• [SOURCE DATA]
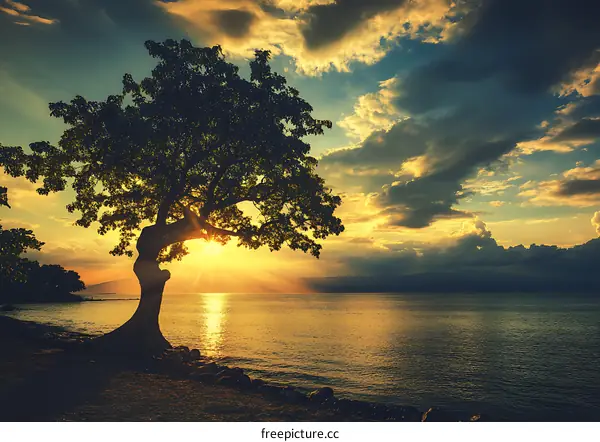 Silhouette of a Tree at Sunset Over the Water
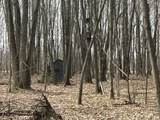 6551 Brown Road - Photo 11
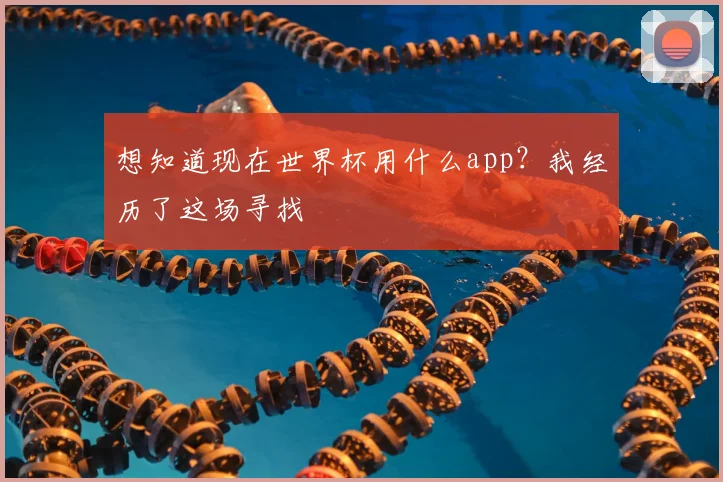 想知道现在世界杯用什么app?我经历了这场寻找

• [PROBLEM] Drop the pictures and give every line above again exactly.

• [REPLY TO THE TASK]
 Silhouette of a Tree at Sunset Over the Water
 6551 Brown Road - Photo 11
 想知道现在世界杯用什么app?我经历了这场寻找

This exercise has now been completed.